* **PROBLEM DETAILS**
Give again, exactly as written, the lines of the records below from the line with "Pink rose quartz" to the line with "Women's hands cut". Both end lines count; pictures do not.

* **SUPPLIED RECORDS**
__________

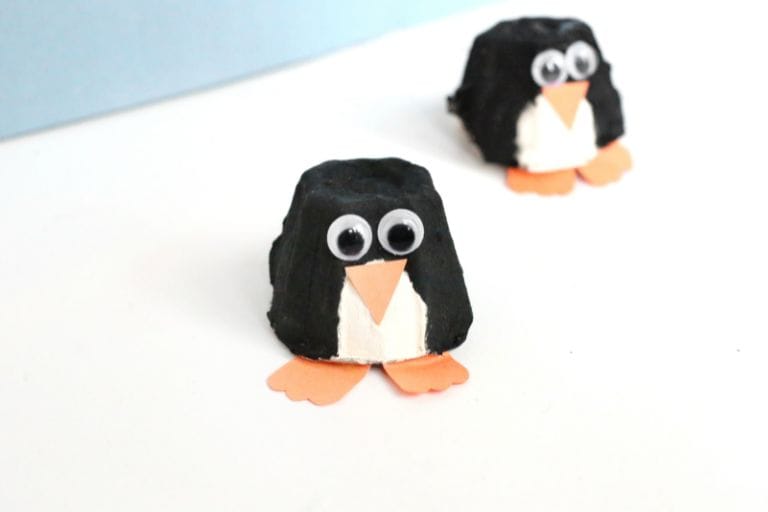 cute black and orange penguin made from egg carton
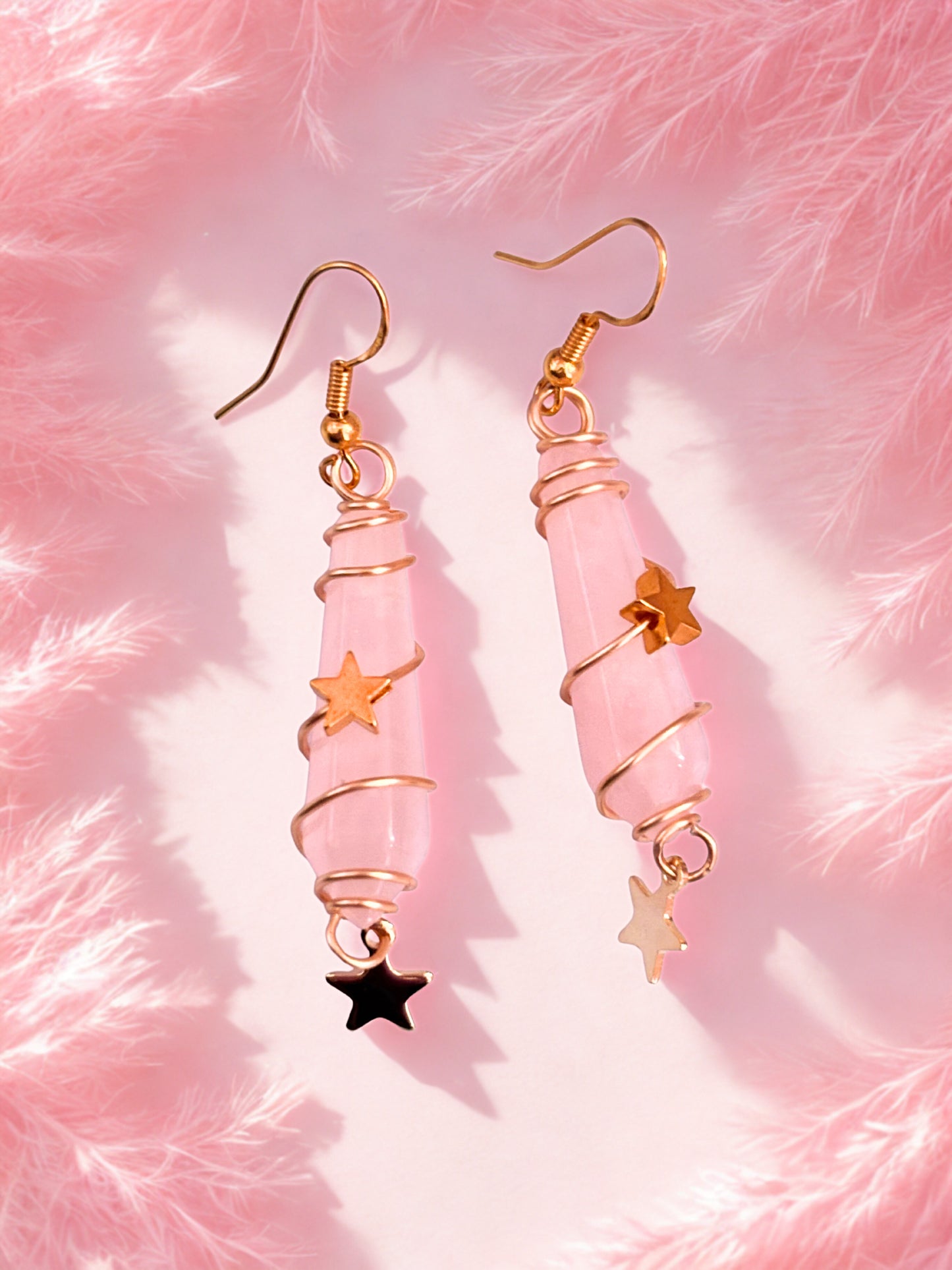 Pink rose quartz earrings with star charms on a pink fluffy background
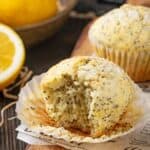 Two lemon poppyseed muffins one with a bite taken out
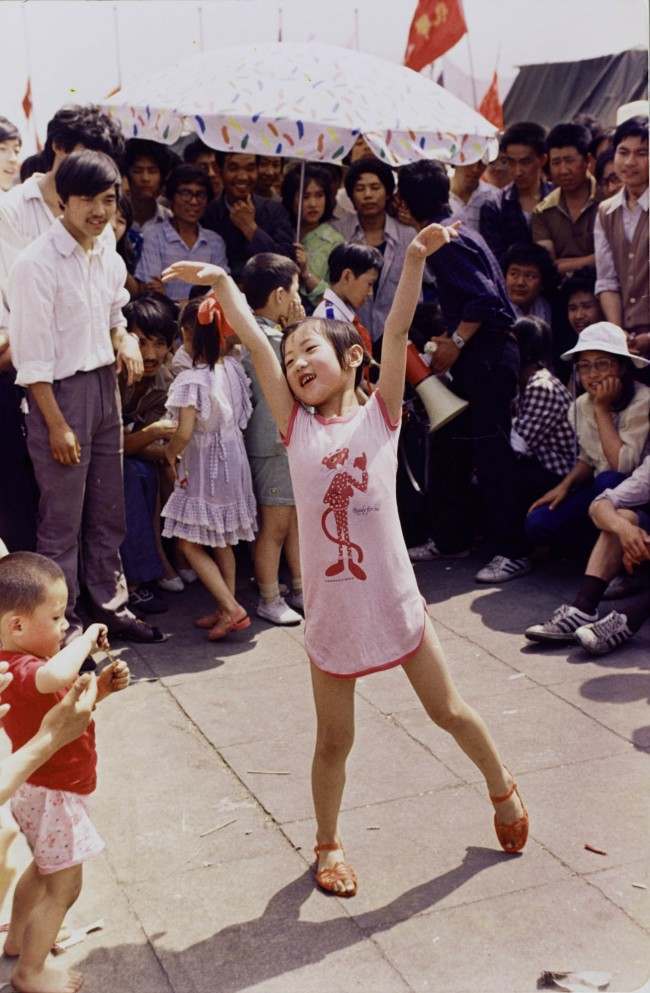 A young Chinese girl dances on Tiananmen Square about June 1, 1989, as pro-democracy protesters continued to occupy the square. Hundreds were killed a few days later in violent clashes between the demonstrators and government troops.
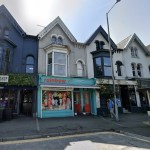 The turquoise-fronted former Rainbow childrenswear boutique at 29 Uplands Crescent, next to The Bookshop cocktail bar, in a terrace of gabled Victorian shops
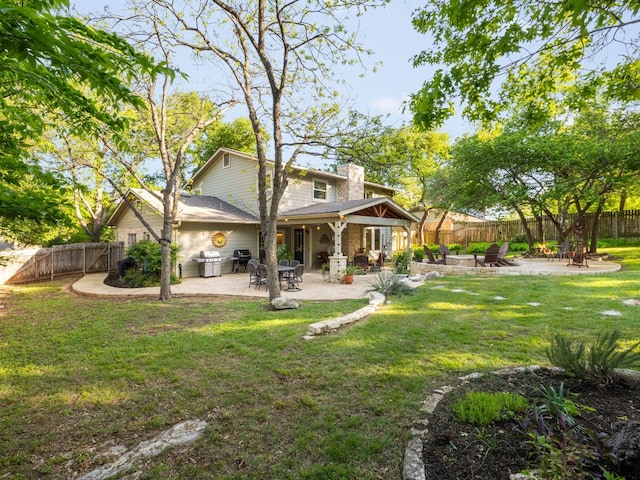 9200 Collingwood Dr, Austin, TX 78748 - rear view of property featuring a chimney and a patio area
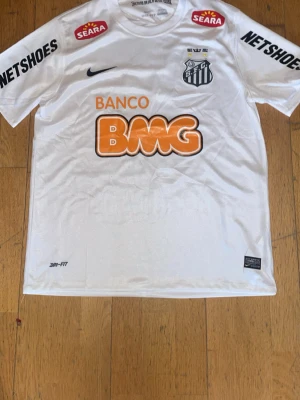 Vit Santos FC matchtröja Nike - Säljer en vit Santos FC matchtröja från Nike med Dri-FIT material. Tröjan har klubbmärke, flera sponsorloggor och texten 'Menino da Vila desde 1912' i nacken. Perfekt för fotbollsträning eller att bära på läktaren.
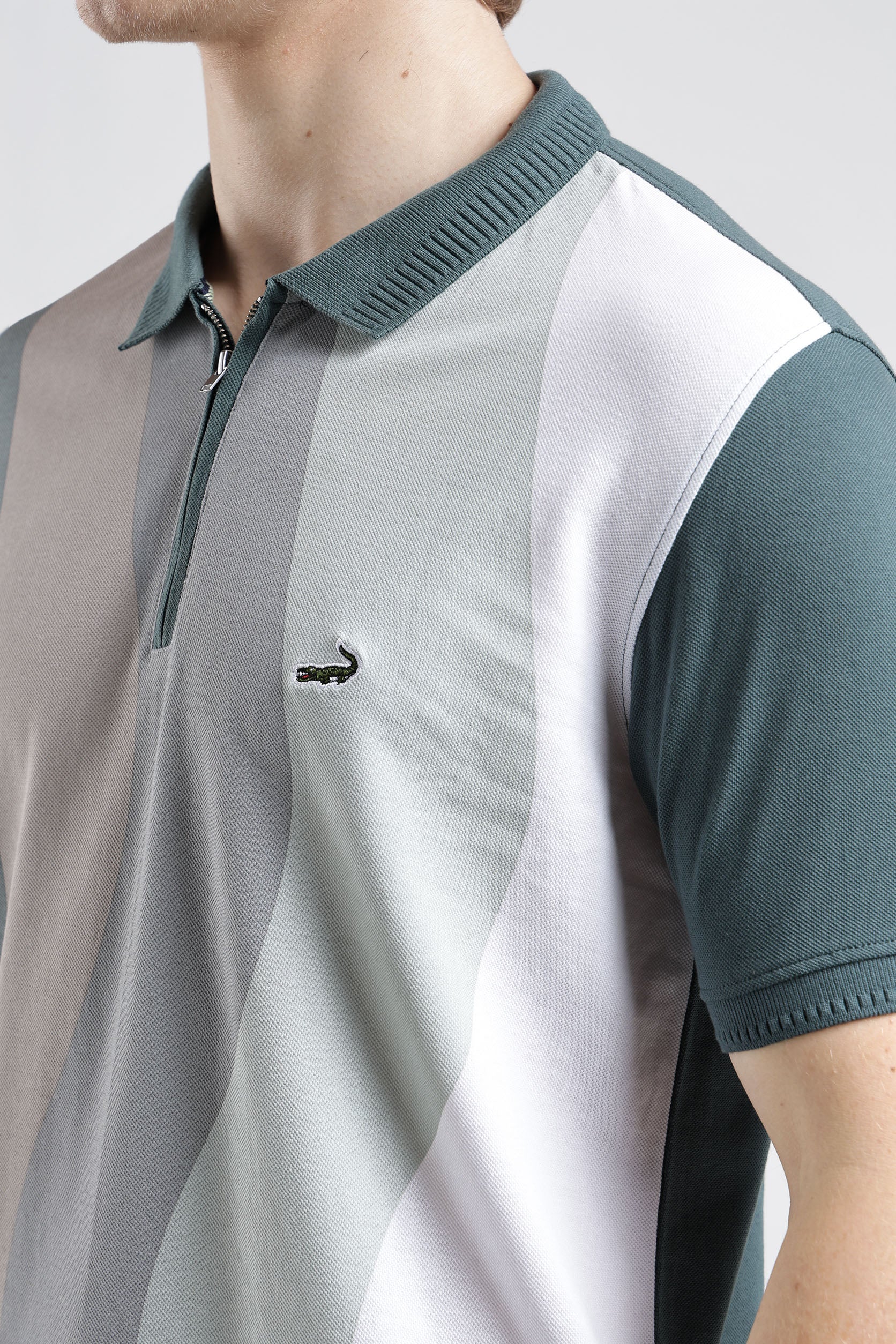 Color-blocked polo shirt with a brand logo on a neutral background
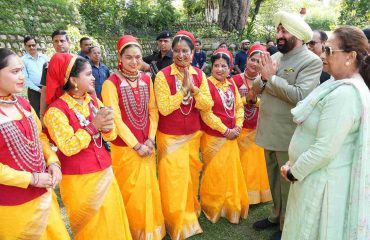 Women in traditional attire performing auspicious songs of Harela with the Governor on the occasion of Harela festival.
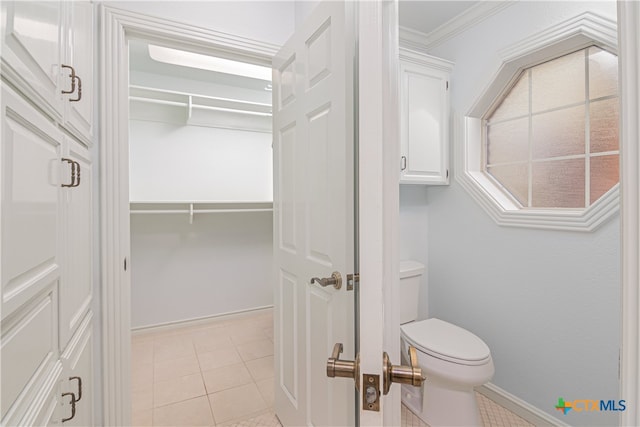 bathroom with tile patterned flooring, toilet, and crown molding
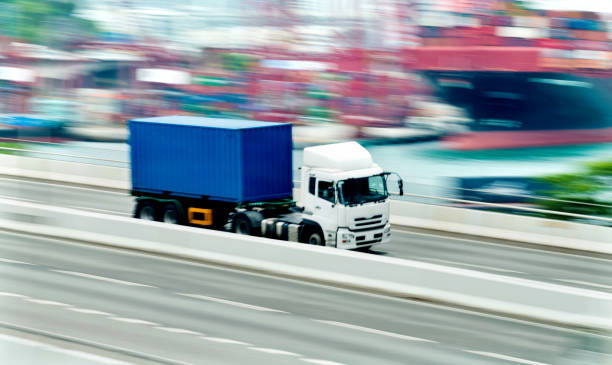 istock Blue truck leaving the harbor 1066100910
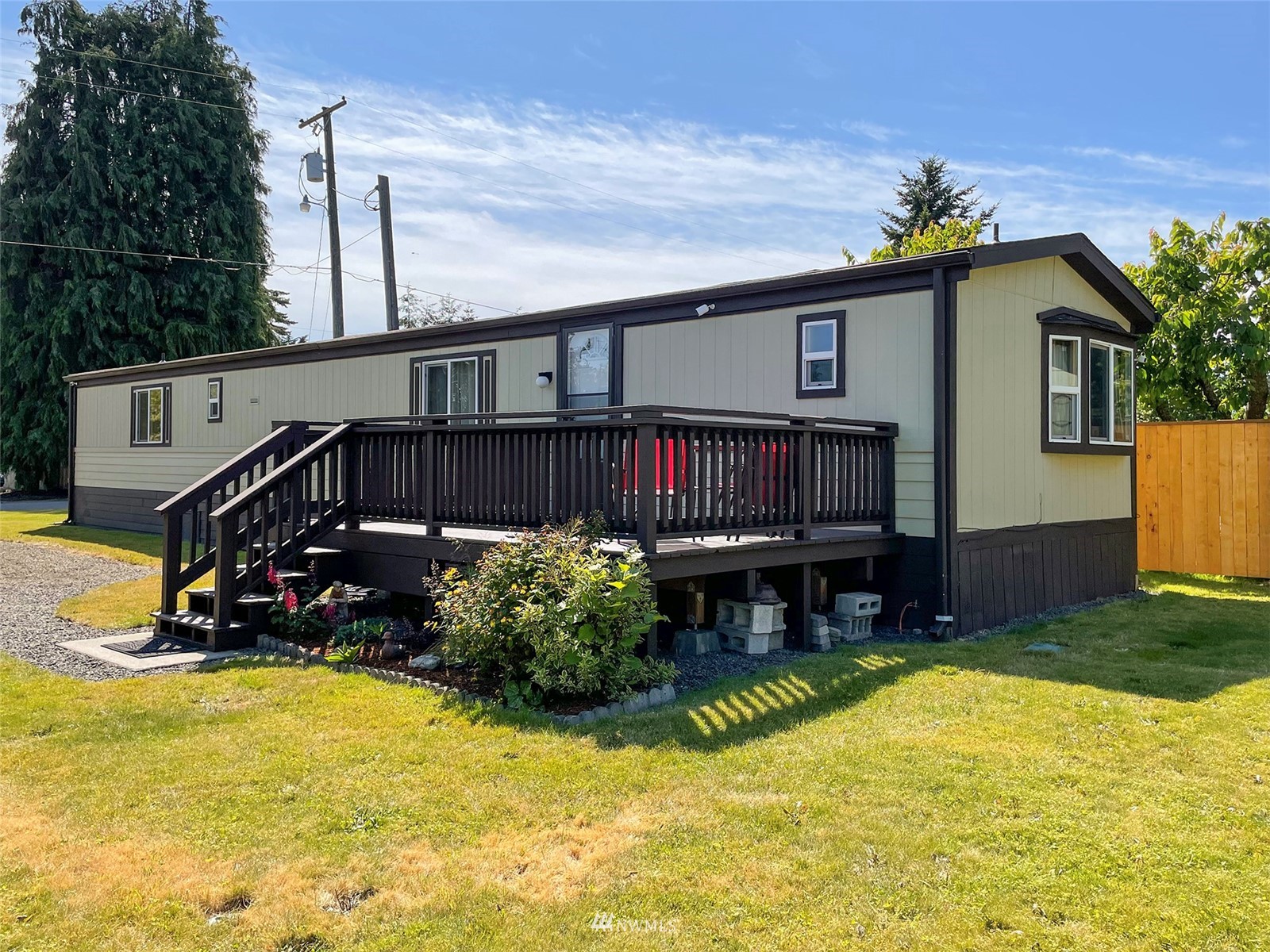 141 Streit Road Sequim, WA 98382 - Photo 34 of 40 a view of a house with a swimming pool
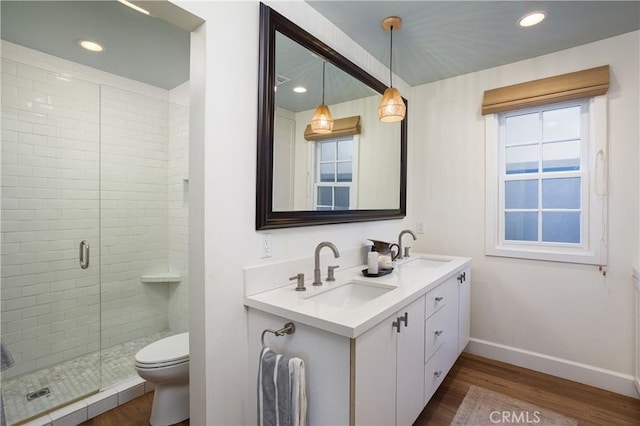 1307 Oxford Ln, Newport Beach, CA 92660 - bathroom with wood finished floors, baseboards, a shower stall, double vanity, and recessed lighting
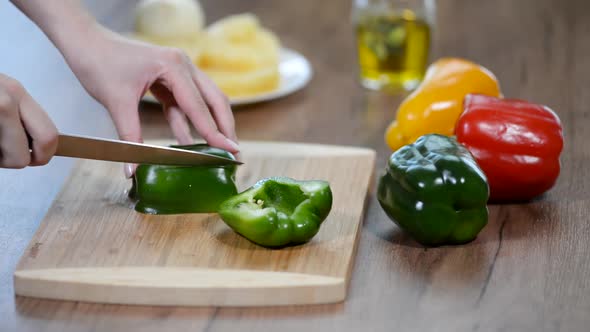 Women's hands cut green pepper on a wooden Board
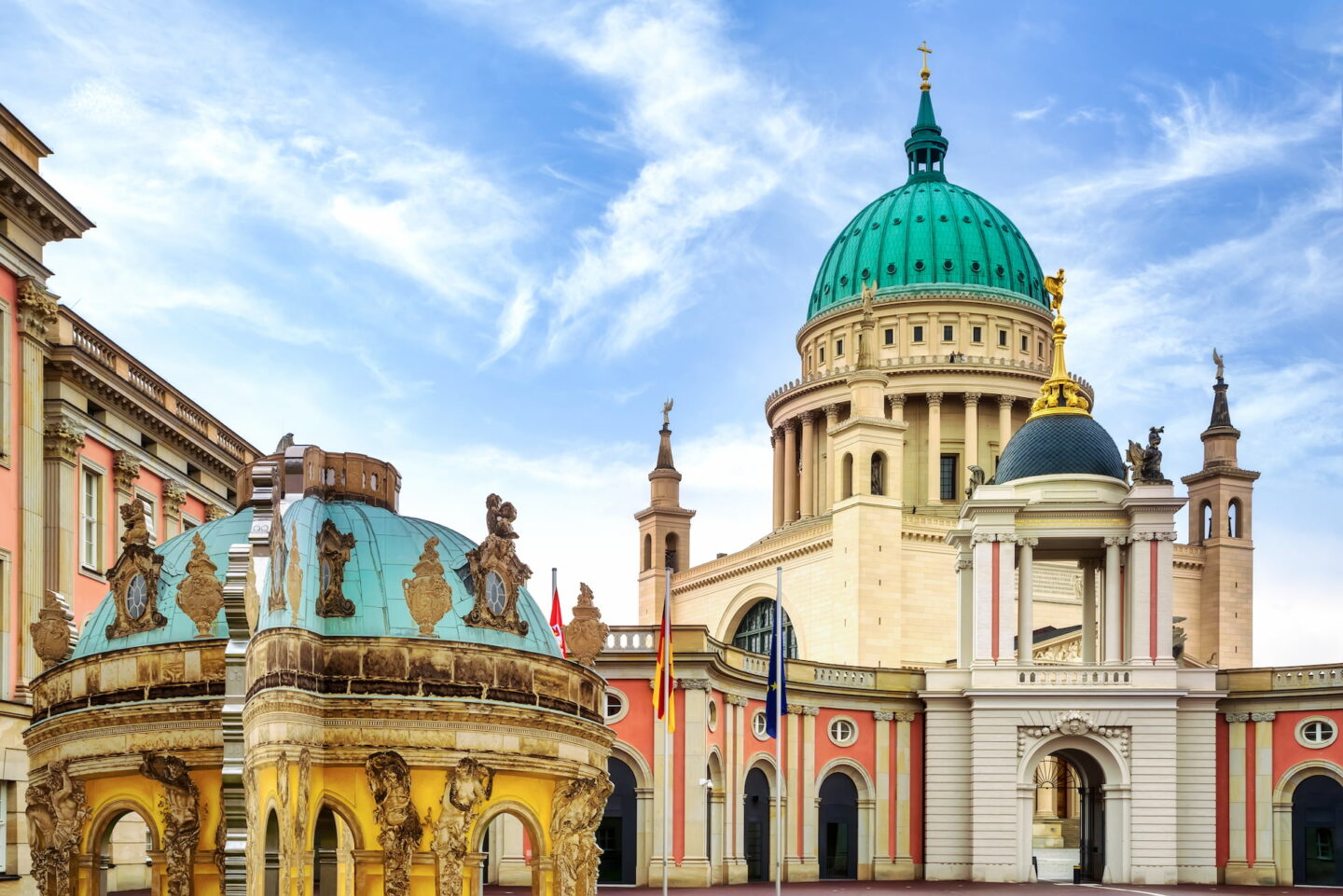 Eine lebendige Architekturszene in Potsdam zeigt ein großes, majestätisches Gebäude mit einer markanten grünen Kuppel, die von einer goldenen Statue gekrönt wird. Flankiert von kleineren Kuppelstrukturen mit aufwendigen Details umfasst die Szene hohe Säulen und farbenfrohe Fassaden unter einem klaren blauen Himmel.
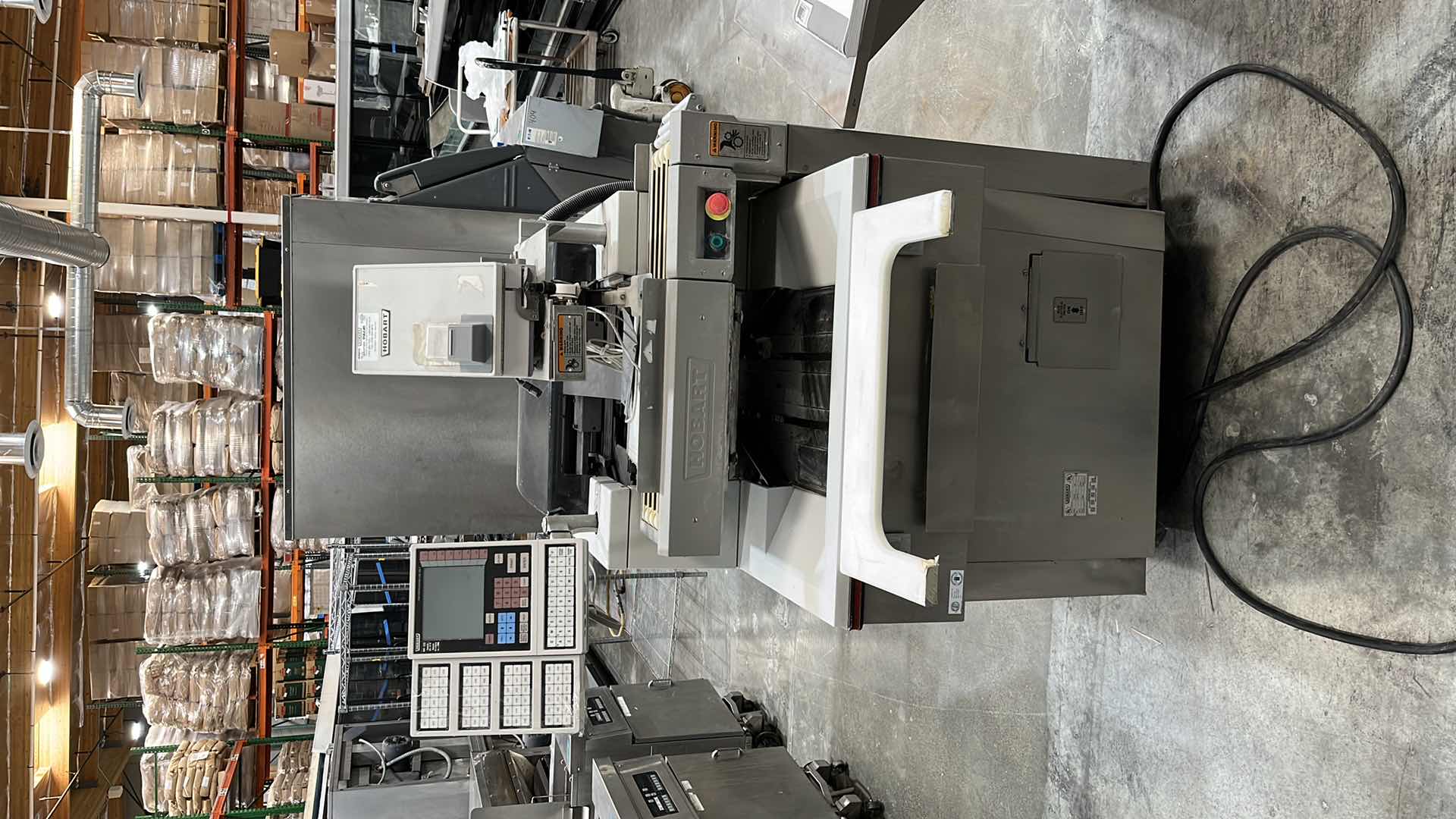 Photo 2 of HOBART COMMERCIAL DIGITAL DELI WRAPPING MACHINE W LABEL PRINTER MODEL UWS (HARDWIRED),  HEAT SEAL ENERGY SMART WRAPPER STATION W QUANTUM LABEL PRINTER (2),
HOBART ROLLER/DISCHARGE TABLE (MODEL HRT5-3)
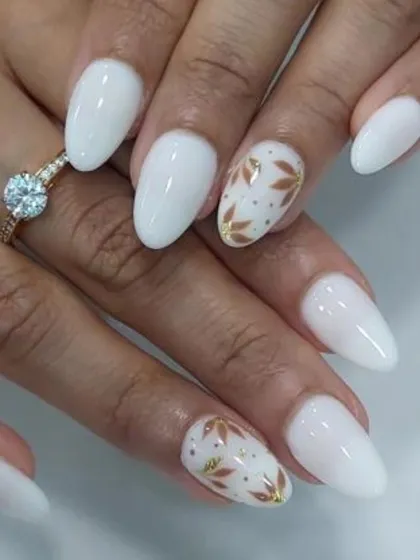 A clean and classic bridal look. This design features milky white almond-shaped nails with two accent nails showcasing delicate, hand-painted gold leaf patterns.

__________

* **SOLUTION FOR THIS TASK**
 Pink rose quartz earrings with star charms on a pink fluffy background
 Two lemon poppyseed muffins one with a bite taken out
 A young Chinese girl dances on Tiananmen Square about June 1, 1989, as pro-democracy protesters continued to occupy the square. Hundreds were killed a few days later in violent clashes between the demonstrators and government troops.
 The turquoise-fronted former Rainbow childrenswear boutique at 29 Uplands Crescent, next to The Bookshop cocktail bar, in a terrace of gabled Victorian shops
 9200 Collingwood Dr, Austin, TX 78748 - rear view of property featuring a chimney and a patio area
 Vit Santos FC matchtröja Nike - Säljer en vit Santos FC matchtröja från Nike med Dri-FIT material. Tröjan har klubbmärke, flera sponsorloggor och texten 'Menino da Vila desde 1912' i nacken. Perfekt för fotbollsträning eller att bära på läktaren.
 Color-blocked polo shirt with a brand logo on a neutral background
 Women in traditional attire performing auspicious songs of Harela with the Governor on the occasion of Harela festival.
 bathroom with tile patterned flooring, toilet, and crown molding
 istock Blue truck leaving the harbor 1066100910
 141 Streit Road Sequim, WA 98382 - Photo 34 of 40 a view of a house with a swimming pool
 1307 Oxford Ln, Newport Beach, CA 92660 - bathroom with wood finished floors, baseboards, a shower stall, double vanity, and recessed lighting
 Women's hands cut green pepper on a wooden Board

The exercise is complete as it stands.